Researchers in Australia have released the results of a study showing that dropping testosterone levels in older men could potentially put them at risk when taking care of themselves in their later years.

Researchers in Australia have released the results of a study showing that dropping testosterone levels in older men could potentially put them at risk when taking care of themselves in their later years.

Data was collected from more than 1,300 men ages 70 and older and compared their initial hormone levels with their abilities two years later. Their findings were presented at the joint meeting of the International Society of Endocrinology and the Endocrine Society in Chicago.

Men who participated in the study underwent objective tests of strength in their arms, legs and hands. They also provided reports on their ability to do normal self-care activities such as walking, eating, dressing and bathing.

Researchers took that data and adjusted for known risk factors associated with physical decline such as older age, smoking and obesity when looking at their final results.

When reporting their findings the team said that lower levels of testosterone, estradiol or estrone at the outset correlated with greater risk of decline. Results showed that men who started with the lowest levels of these hormones were twice as likely to suffer notable declines as those who began with the highest levels.

“We also found that increasing muscle weakness — possibly due to decreasing testosterone concentration in the blood — could explain most of this relationship,” said Benjumin Hsu, the study's principal investigator and a PhD candidate at the University of Sydney.
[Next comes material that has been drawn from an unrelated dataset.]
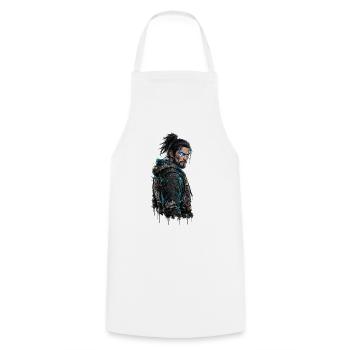 Univers Japonais - Samouraï Moderne - Tablier de cuisine - blanc - Devant - AI Model Male 185 dark (185cm)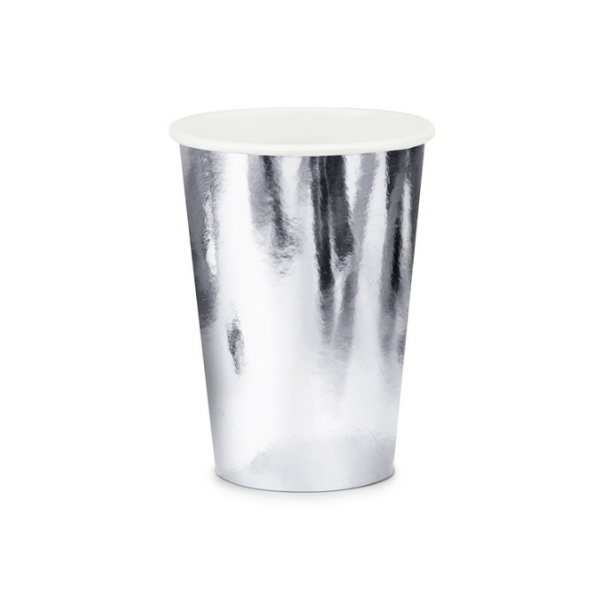 SET OF 6 SILVER CARDBOARD CUPS 23CL - A FESTIVE AND SUSTAINABLE TABLE DECOR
Initial testosterone levels taken during the study period predicted both declines in strength and declines in function, but, after researchers adjusted final declines in function for declines in strength, low initial testosterone levels did not predict a further loss of function.

The study team also noted that while testosterone levels and the ability to perform self-care activities both tend to decline with age, it is unclear whether either factor causes the other or whether a third unexplored factor causes both.

“Low testosterone, estradiol and estrone concentrations may be important contributors to, or biologic markers for, physical decline in older men, which impairs their independent living,” Hsu said.

The study was part of the Concord Health and Ageing Project (CHAMP) in Sydney, which included 1,318 men ages 70 and older who had health assessments when they entered the study from 2005 to 2007, and again two years later.

The CHAMP study has been funded by three Australian institutions: the National Health and Medical Research Council, the Sydney Medical School Foundation and the Ageing and Alzheimer’s Institute.